Yet at this crisis in our affairs, with the generation-long embrace of the neo-liberal “Washington consensus” producing a huge and utterly predictable political and economic crisis across the west, what topics are really animating the British people and their representatives, if the day-to-babble of Westminster politics is to be believed? Why, the hunt for the fierce, bad benefit claimants who are supposedly draining our economy, and for the immigrants who have supposedly taken our jobs and houses, combined with a revolt against the European Union which has the temerity to inspect our oil companies properly for alleged price-fixing practices, and to insist that EU workers should not be forced to work more than 48 hours a week.

Now in every case, the set of beliefs being peddled about these issues is false, and easily disprovable. Benefit fraud, for example, at around £1 billion a year, is a mere drop in the ocean compared with the massive avoidance of tax by those who could easily afford to pay. Yet day after day, a kind of surreal macho dialogue about who can be “toughest” over these essentially fictional issues utterly dominates Westminster politics; while the economy flatlines, decent working people lie awake at night worrying over the financial consequences of an economic crash for which they are not responsible, and – somewhere in the background – our beautiful planet begins to burn and die, because we lack the political sense and sinew to act to save it.

To say that this is an unpleasant sight is to understate the case. It is not only morally disgraceful in its “othering” and scapegoating of vulnerable groups; it is also intellectually contemptible, almost militantly stupid. Only a fool could seriously believe that the ragbag of policies currently being proposed by the Westminster government on Europe, migration or benefits has anything to do with tackling the UK’s real problems; and every voter who has fallen for this ancient boss-class scam bears some responsibility for their own gullibility and intellectual laziness.

In the end, though, the main fault has to lie with the vacuum of political leadership that has been allowed to grow up on the centre-left of British politics, since the 1980’s; when the chips are down, there can be no serious or substantive political debate among three right-of-centre parties – Labour, the Conservatives, and the Liberal Democrats – who all agree that the deficit lie is sacrosanct, who all take the corporate shilling, and who all think that myths about immigrants and benefit scroungers should be flattered and acted upon rather than challenged.
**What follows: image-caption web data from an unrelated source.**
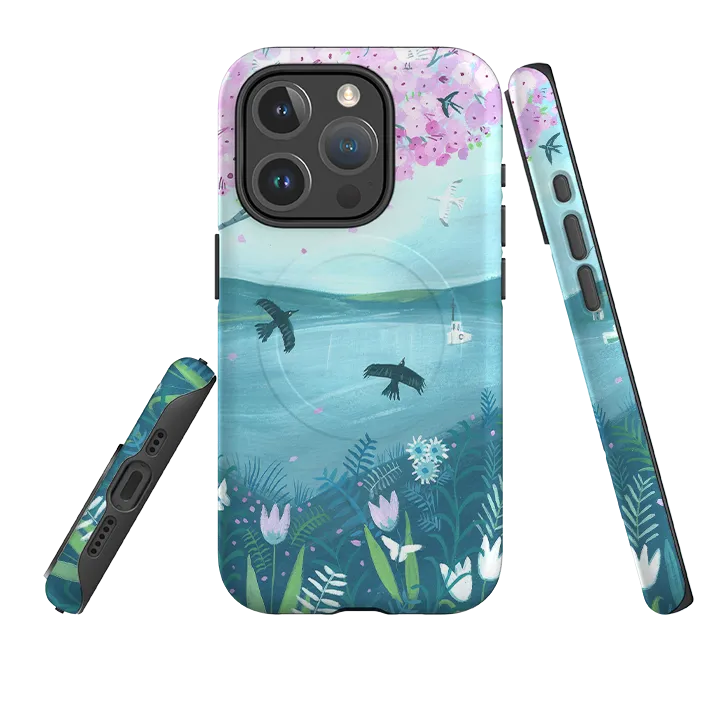 Soft touch finish iPhone MagSafe Tough Case - Blossom Tree By Mary Stubberfield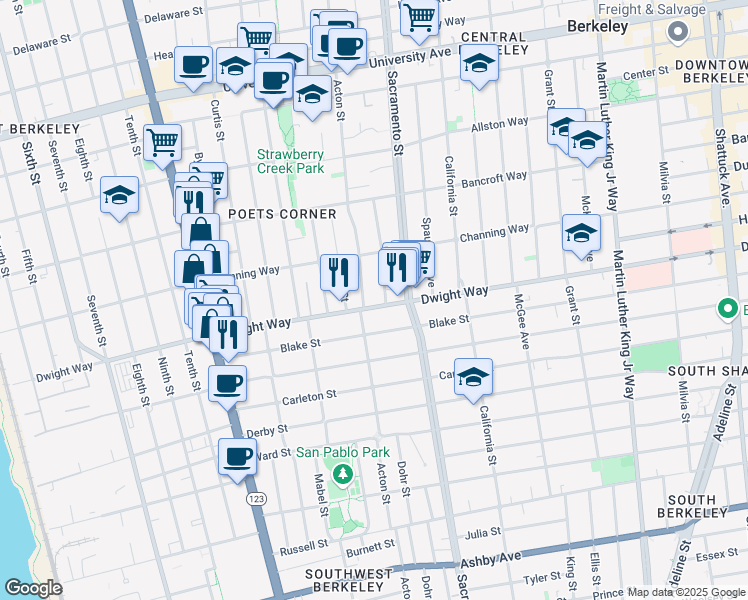 map of restaurants, bars, coffee shops, grocery stores, and more near 1431 Dwight Way in Berkeley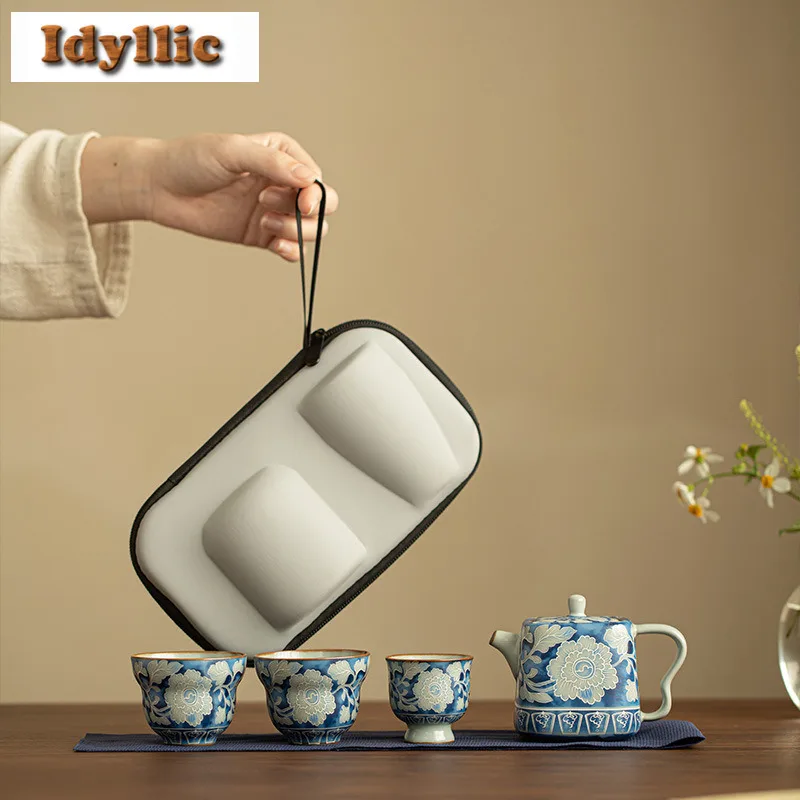 Ru Kiln Peony Yuan Blue And White Travel Tea Set Kit Zen 1 Pot 3 Cups Tea Making Organizer Portable Picnic Handbag Tea Items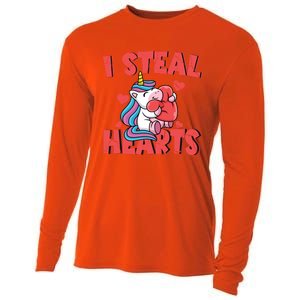 Valentine's Day I Steal Hearts Unicorn Love Cool Gift Cooling Performance Long Sleeve Crew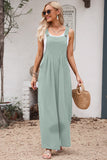 LC6412006-9-S, LC6412006-9-M, LC6412006-9-L, LC6412006-9-XL, LC6412006-9-2XL, Green Adjustable Straps Pockets Wide Leg Jumpsuits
This week, I headed along to the King’s Theatre in Edinburgh to see The Pitmen Painters, the great 2007 play by Billy Elliot writer Lee Hall about the Ashington Group, a band of four Durham miners who briefly became the toast of the art world in the 1930s. It’s a sentimental play, in many ways; but it is salutary to remember a time when at least some of Britain’s working people organised to educate themselves, to analyse the economy they lived in, and to raise themselves up by their own collective bootstraps. And they achieved change, of course – notably in 1945 – through a Labour Party created to represent their interests, in the highest corridors of British power.

Whether Labour can ever become that party again – can ever end its cringe-making Blairite love-affair with global capitalism at its most foolish, can ever stop apologising for its trade union connections, can ever focus once again on the task of representing ordinary British workers and consumers, rather than those who would exploit them – is a matter of debate. What’s clear, though, is that it is not that party now, and has not been, for the last 20 years. And if it fails to change the political game before the next Westminster election – or, at best, the one after that – then the Labour Party will not only have helped seal the fate of what is, regardless of next year’s referendum result, an increasingly strained union between England and the rest of the UK; it will have written its own obituary, as a party whose continuing existence has any point at all.